**Dataset section**
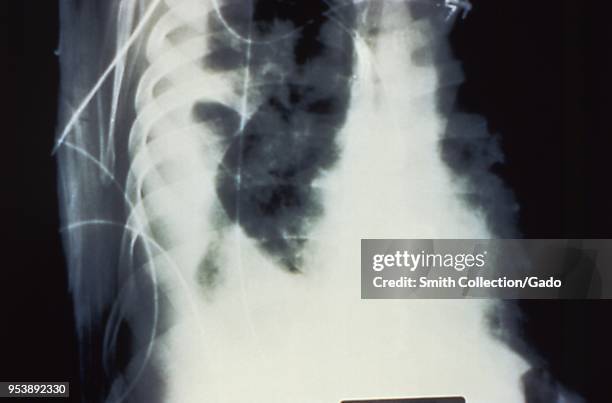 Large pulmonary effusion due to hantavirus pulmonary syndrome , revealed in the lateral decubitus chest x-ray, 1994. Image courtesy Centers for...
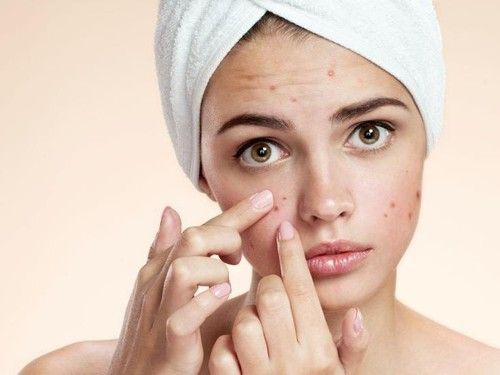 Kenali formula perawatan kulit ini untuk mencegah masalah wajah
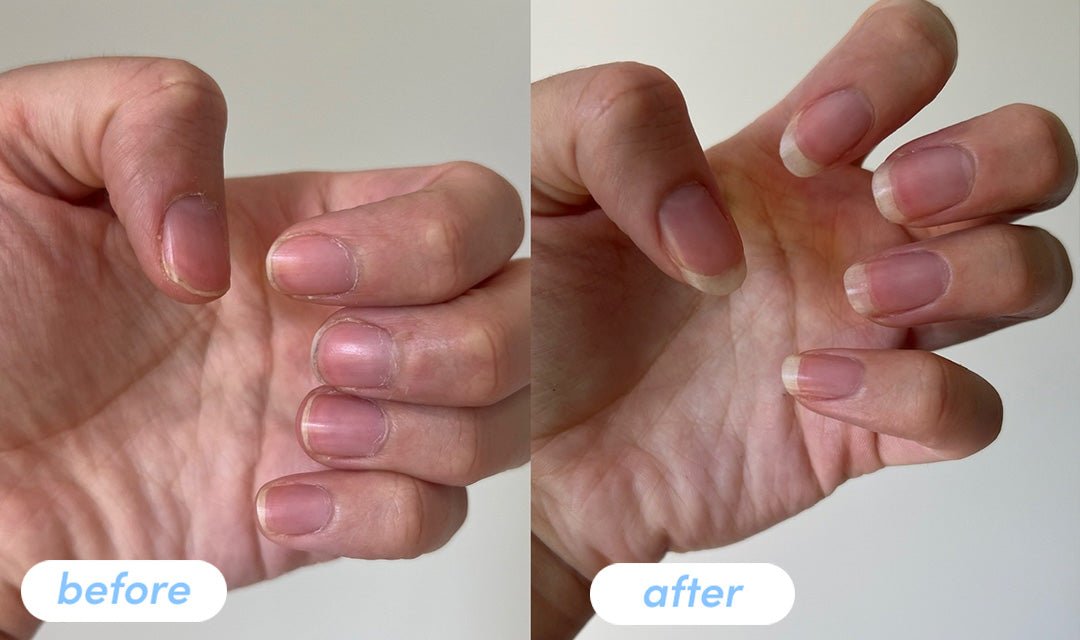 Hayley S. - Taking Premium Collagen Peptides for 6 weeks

**Work item**
Restate the whole listing word for word. Omit the pictures.

**The completed task**
 Large pulmonary effusion due to hantavirus pulmonary syndrome , revealed in the lateral decubitus chest x-ray, 1994. Image courtesy Centers for...
 Kenali formula perawatan kulit ini untuk mencegah masalah wajah
 Hayley S. - Taking Premium Collagen Peptides for 6 weeks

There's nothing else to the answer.